# Task requirements
Every line below needs to be reproduced exactly.
** Supplied entries follows **
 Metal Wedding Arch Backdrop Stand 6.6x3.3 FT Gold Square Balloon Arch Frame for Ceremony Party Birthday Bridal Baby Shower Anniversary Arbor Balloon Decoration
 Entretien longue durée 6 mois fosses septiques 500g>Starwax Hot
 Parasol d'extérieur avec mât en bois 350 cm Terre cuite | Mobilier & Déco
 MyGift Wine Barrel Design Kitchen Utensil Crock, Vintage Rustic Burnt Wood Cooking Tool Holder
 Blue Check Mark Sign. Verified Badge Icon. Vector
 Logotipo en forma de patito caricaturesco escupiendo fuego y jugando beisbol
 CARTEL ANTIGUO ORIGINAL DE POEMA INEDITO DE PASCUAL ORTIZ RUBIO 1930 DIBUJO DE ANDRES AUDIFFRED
** End of Supplied entries **
# Task result
 Metal Wedding Arch Backdrop Stand 6.6x3.3 FT Gold Square Balloon Arch Frame for Ceremony Party Birthday Bridal Baby Shower Anniversary Arbor Balloon Decoration
 Entretien longue durée 6 mois fosses septiques 500g>Starwax Hot
 Parasol d'extérieur avec mât en bois 350 cm Terre cuite | Mobilier & Déco
 MyGift Wine Barrel Design Kitchen Utensil Crock, Vintage Rustic Burnt Wood Cooking Tool Holder
 Blue Check Mark Sign. Verified Badge Icon. Vector
 Logotipo en forma de patito caricaturesco escupiendo fuego y jugando beisbol
 CARTEL ANTIGUO ORIGINAL DE POEMA INEDITO DE PASCUAL ORTIZ RUBIO 1930 DIBUJO DE ANDRES AUDIFFRED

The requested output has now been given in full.